The Left in Israel Follows the Medieval Christian Teaching
on the Jewish Rejection of Reason
For more than 100 years, parts
of the Zionist movement have been openly Marxist, while other influences from
German philosophy have reached Zionism and Israel in various ways. In Israel,
issues manipulated by Kant, Hegel, and Voltaire, have continued to inspire
personalities on the Left. As an example, Yigael Tumarkin defended Shulamit
Aloni on the grounds of Reason, Science and Progress; although he acknowledged
that her actions as a minister were not always reasonable:
I stand by
Minister of Education and Culture, Shulamit Aloni, and not because I am one
of her followers.
Her opinions are
my opinions, but...I cannot justify making provocative proclamations...[by
Aloni – EAG] which are denied the next morning...Nevertheless, I will stand
at her side against any nationalist and clericalist lynch [that is, Jewish
clerical – EAG]. Show me one religious state throughout history that had
progress, tolerance, and a good life for its inhabitants...
Because only the
revolt against religion brought man to progress, democracy, and achievements
in culture and science.
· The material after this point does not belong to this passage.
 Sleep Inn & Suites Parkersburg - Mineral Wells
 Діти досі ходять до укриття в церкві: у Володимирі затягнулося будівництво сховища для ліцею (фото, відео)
Not the ghetto, not the rabbinical courts or the
Kabbalists of Safed brought redemption, but the Jewish Enlightenment...
My heroes are
not the Baal Shem Tov or the Gaon of Vilna, and of course not the eccentric
rabbis of today, who are not capable of arriving at any consensus which is
compatible with the 20th century...
“...science
makes us free” [a quotation from Theodor Herzl, according to Tumarkin – EAG]...
...the black
clothing is a black flag above elementary morality and our very
existence...The knitted skullcap and the Book of Joshua...will bring about a
second Masada. (Letter to the Editor of HaAretz, “My Sister in Lack
of Faith”, 21 October 199259)
Tumarkin thus demonstrated that
the banner of Reason, Science, and Progress continued to wave among the
Israeli Left in the 1990s,60
while he viewed these values as in fundamental contradiction with Judaism,
seemingly unaware in his hatred for the Jewish religion that his attitudes on
Judaism –particularly his belief that religious Jews are defective in reason –
have roots in another religion. It is unlikely that he comprehended that the
notion of a Jewish incapacity for reason and philosophy go back to medieval
Christians and later, after Luther, through subsequent German theologians to
Kant and Hegel and from them to Marx and other moderns.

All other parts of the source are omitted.